Of course, all else need not be equal, which is why Teach for America works well.

McGuire proposes solutions:

Once we can wrap our heads around the true extent of the problem we can start taking down the second obstacle: figuring out a way to entice more experienced teachers to teach in high need schools. This will require a long-term commitment to systemic reform including investing in low-poverty schools to make them more attractive teaching placements and funding incentives to initially attract experienced and, we hope, higher quality teachers to low-income schools.

Will this require dollars beyond what we have? Not necessarily.

Federal law already provides schools with money to pay for this. It’s just that the funds typically go to reduce class sizes or provide professional development for teachers instead – strategies that have mixed results. Some of these funds should be redirected to pay for incentives drawing teachers into high-poverty schools. This is also a great use of stimulus money.

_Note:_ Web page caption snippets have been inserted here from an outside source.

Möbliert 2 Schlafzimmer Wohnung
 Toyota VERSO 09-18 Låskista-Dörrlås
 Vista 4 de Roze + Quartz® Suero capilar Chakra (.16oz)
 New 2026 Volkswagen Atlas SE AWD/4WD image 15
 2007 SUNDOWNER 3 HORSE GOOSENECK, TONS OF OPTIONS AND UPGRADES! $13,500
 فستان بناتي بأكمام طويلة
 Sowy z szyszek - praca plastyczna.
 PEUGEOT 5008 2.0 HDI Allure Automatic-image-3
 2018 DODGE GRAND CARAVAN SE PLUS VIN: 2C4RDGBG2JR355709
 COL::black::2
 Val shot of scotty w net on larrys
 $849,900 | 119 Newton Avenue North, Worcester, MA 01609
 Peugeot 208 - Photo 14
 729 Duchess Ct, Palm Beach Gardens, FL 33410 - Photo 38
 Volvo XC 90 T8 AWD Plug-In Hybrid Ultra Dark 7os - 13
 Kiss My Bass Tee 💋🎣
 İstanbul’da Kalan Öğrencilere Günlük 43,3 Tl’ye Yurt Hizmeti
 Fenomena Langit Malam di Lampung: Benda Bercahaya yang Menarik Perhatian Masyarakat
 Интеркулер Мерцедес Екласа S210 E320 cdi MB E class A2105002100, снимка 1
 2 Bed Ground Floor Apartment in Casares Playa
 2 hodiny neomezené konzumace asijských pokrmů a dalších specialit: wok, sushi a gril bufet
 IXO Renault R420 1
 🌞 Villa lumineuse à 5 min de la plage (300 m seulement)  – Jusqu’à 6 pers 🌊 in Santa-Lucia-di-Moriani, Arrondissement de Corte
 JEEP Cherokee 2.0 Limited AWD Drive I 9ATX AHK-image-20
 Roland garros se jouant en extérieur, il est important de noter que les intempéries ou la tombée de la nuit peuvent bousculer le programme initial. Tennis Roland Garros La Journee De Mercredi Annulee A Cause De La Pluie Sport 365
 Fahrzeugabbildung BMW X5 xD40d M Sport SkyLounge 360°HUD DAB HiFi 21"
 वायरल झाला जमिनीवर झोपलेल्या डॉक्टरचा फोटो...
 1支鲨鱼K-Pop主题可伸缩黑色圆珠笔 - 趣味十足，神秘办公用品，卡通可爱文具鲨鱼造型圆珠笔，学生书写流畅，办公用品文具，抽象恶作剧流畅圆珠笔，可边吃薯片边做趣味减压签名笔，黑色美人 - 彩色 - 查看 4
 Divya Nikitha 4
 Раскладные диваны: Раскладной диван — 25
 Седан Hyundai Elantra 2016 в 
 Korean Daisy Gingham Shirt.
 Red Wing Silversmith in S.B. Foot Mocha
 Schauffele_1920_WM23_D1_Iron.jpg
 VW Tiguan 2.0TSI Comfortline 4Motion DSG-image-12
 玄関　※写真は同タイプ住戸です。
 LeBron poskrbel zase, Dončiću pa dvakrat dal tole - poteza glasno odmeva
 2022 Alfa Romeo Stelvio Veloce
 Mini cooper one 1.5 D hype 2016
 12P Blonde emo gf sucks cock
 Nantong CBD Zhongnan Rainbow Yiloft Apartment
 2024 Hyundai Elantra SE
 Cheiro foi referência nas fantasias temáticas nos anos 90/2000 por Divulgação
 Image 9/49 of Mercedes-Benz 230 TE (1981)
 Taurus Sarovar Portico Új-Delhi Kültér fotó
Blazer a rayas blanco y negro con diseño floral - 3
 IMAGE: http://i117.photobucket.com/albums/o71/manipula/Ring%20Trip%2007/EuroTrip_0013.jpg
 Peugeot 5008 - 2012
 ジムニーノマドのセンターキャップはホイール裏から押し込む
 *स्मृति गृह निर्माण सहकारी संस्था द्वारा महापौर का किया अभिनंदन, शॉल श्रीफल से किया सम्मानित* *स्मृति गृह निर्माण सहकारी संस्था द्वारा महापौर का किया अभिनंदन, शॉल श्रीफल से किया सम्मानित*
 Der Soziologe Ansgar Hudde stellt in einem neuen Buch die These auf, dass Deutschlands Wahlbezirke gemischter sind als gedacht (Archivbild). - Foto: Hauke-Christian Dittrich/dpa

I’m glad to see to someone from the New America Foundation describe the results of class size reduction as “mixed.” Wow- you are half way there. The real word you are looking for however is “c*a*t*a*s*t*r*o*p*h*i*c” and the issue goes much deeper than the distribution of experienced teachers. On average, American colleges of education are recruiting from the bottom third of American college students based on admission scores. 

Reading between the lines, the world is precisely as the unions want it to be: an emphasis on class size and seniority over teacher quality or equity. The system is also perfectly designed to deliver the most needy students low-quality teachers.

John Rawls is surely spinning in his grave.

UPDATE/CORRECTION

I loaded the wrong Brookings study Super Chart! The correct Super Chart! is from page 28 of the same study and shows a  weaker relationship between experience and student learning gains, with year one teachers with a bell curve centered around -3 and second and third year teachers around zero.